Anomaly detection is an extremely challenging task in the field of computer vision. The reason it is difficult is that the system needs to learn known patterns and from those patterns, it has to infer the unknown patterns or information that is entirely different from the one that the system is trained on. The figure below shows an example of traffic anomaly detection (Mandal, et al., 2020).
Anomaly detection can be divided into two categories. One is the image-level anomaly detection, and the other is pixel-level anomaly detection. Image-level detection determines whether the whole image is normal or not but in pixel-level detection the model also needs to locate the position of the anomaly in the image. Different approaches are used in both types of anomaly detections. We will be discussing them one by one now.
Image Level Anomaly Detection:
The image-level anomaly detection can be further classified into 4 categories, which are
- Density estimation.
- One-class classification.
- Image reconstruction
- Self-supervised classification.
This method generates a probability distribution model of the normal images and sets it as a reference. The model then generates a new probability distribution model for new images and determines whether the new image is normal or has an anomaly present in the image.

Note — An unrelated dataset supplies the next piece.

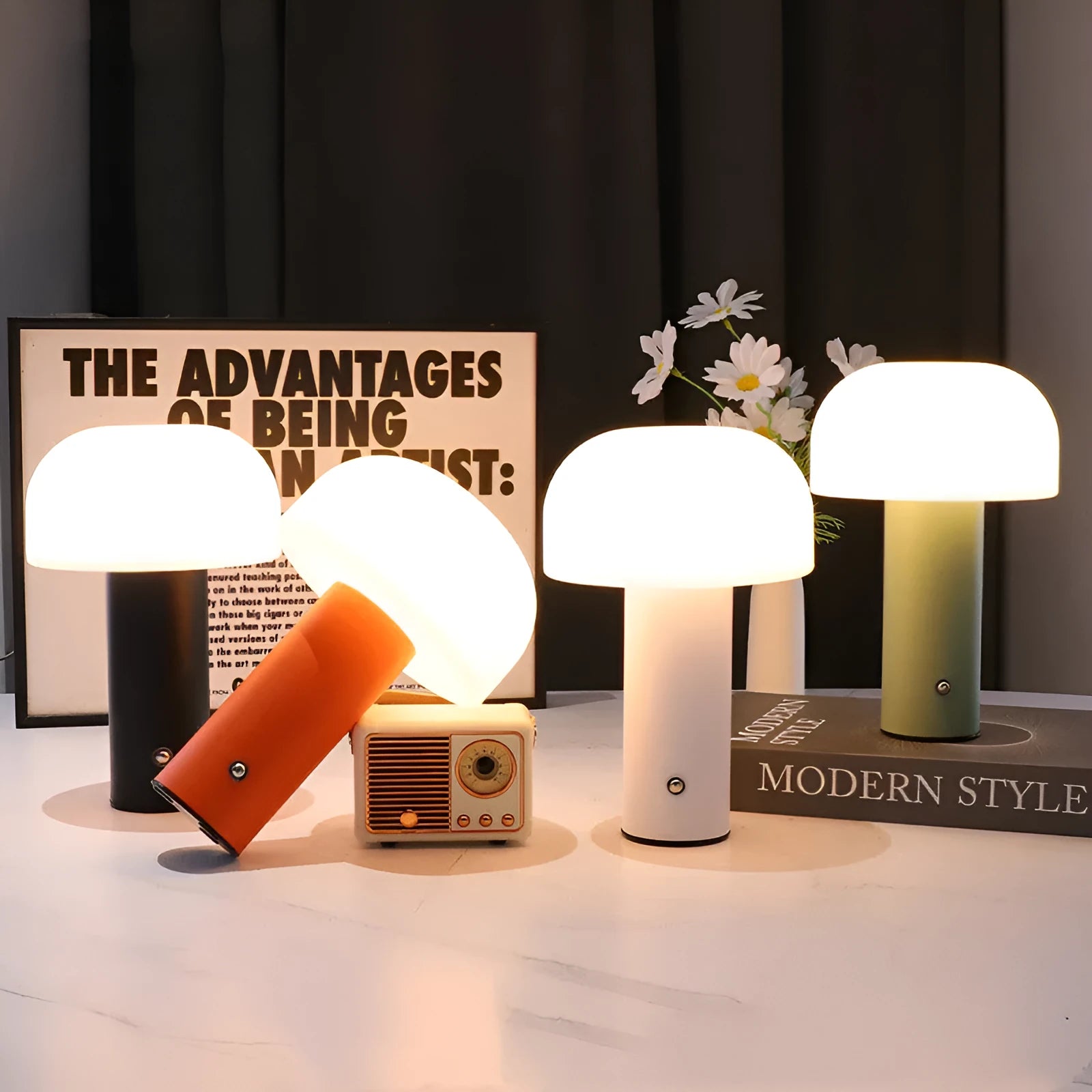 A USB-powered decorative table lamp in a choice of white, black, orange, or green colours.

For calculating a probability density model much training data is required and images have high feature data. This makes this problem quite complex. To overcome this problem people use deep generative models instead of conventional density methods such as the Gaussian model (Bishop, 2006) or nearest neighbor (Khan, et al., 2009). But deep generative models such as variational autoencoder (Kingma, et al., 2014) or flow model (Kingma, et al., 2018) are not robust enough to be tested on practical anomaly detection problems.
One Class Classification:
In this, a decision boundary is constructed to identify between the normal and abnormal images in the feature space. Classical methods include one-class support vector machines (Sch¨olkopf, et al., 2001). These methods do not require a large number of training data because they do not have to find a definite value for the probability distribution model. Recently, researchers have been working on combining both convolution neural networks with support vector machines to develop a hybrid model.

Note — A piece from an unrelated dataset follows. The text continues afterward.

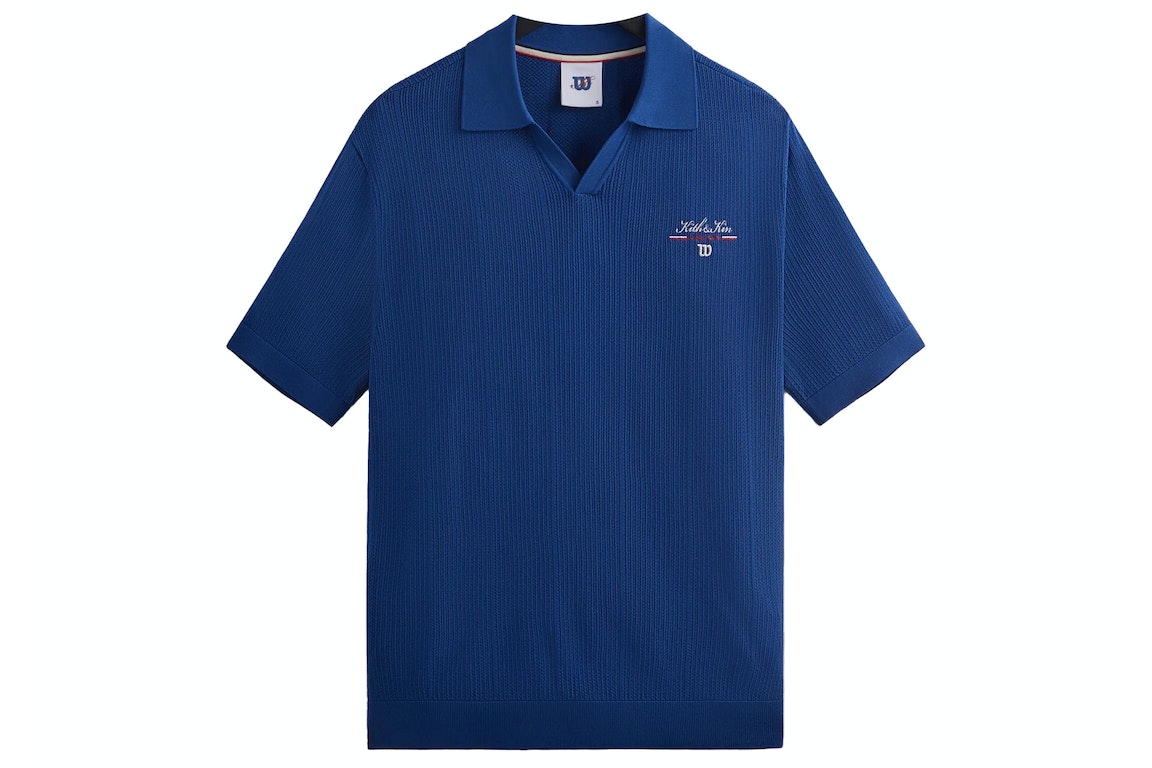 Pre-owned Kith Wilson Cable Johnny Collar Polo Blue Quartz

The benefit of using the image reconstruction approach is that it maps the image to the latent space which is the low dimensional vector in feature space. The intuition behind reconstruction is that the error in reconstruction is small when a normal is reconstructed and the error is large when there is an anomaly present in the image. Autoencoders have been comprehensively used for image reconstruction. Autoencoders have the smallest middle layer which compresses the features of the given image. (Japkowicz, et al., 1995) was one of the first people who used autoencoders for anomaly detection in images. The working principle of his model was that the extra information of a normal image is not necessarily extra in an abnormal image. Generative adversarial networks have also been used for anomaly detection using reconstruction. The adversarial network is first trained on normal images and then the difference between the normal and abnormal images is calculated to determine the presence of an anomaly. The only drawback is that the model needs to perform an iterative search process which makes the model inefficient for real-world applications.
The reason behind using self-supervised learning is that the models can learn important features and parameters from the given image on their own. They can extract low-level features and high-level features. (Golan, et al., 2018)in his work developed a neural network called RotateNet whose purpose was to find if the given image has been rotated or not. His model was able to learn both the low and high-level features because to distinguish between the normal and abnormal images the model had to learn the position, direction, and shape of the object in an image. The only limitation of RotateNet was when it had to deal with symmetrical objects.
Pixel level anomaly detection:
Pixel level anomaly detection can be further divided into two main categories. One is the image reconstruction, and the other is feature modeling.
The assumption behind using image reconstruction at the pixel level is that since the model is trained on the normal images, it cannot reconstruct abnormal images with accuracy hence we get a large reconstruction error when reconstructing abnormal images. The evaluation is done using the difference between the pixel of the reconstructed image and the normal image. L1 and L2 distance calculation methods are used to detect abnormalities at the pixel level. Baur combined both variational autoencoder and generative adversarial networks to find abnormal lesions present in the images taken by a magnetic resonance imaging machine (Baur, et al., 2018).
Source Baur, et al., 2018
In this approach, the anomalies are not detected in image space but rather in feature space. The development of the feature space of normal images can be achieved by two methods, one is the handcrafted extraction of features (Xianghua, et al., 2007), and the other is by using convolution neural networks (Napoletano, et al.). Once the features have been extracted then various machine learning algorithms can be applied to generate the feature distribution of the given images. Feature distribution of both the normal image and the test image are calculated and if the difference is more than the specified threshold then the test image is labeled as abnormal. For detecting the location of an anomaly in the image the test image is divided into multiple sub-images of smaller size and then the method of feature distribution is applied to smaller images. This method puts forward two problems. One is the demand computational power is more since the number of images has increased and the other is that the model may not detect anomalies in sub-images that may have been detected in a whole image.
Supervised vs unsupervised learning:
For anomaly detection, unsupervised learning is preferred since it provides more robustness to the system when dealing with real-world applications. For supervised learning images with anomalies are difficult to collect and are sometimes not enough to train a model because anomalies can be in different shapes, sizes, and colors.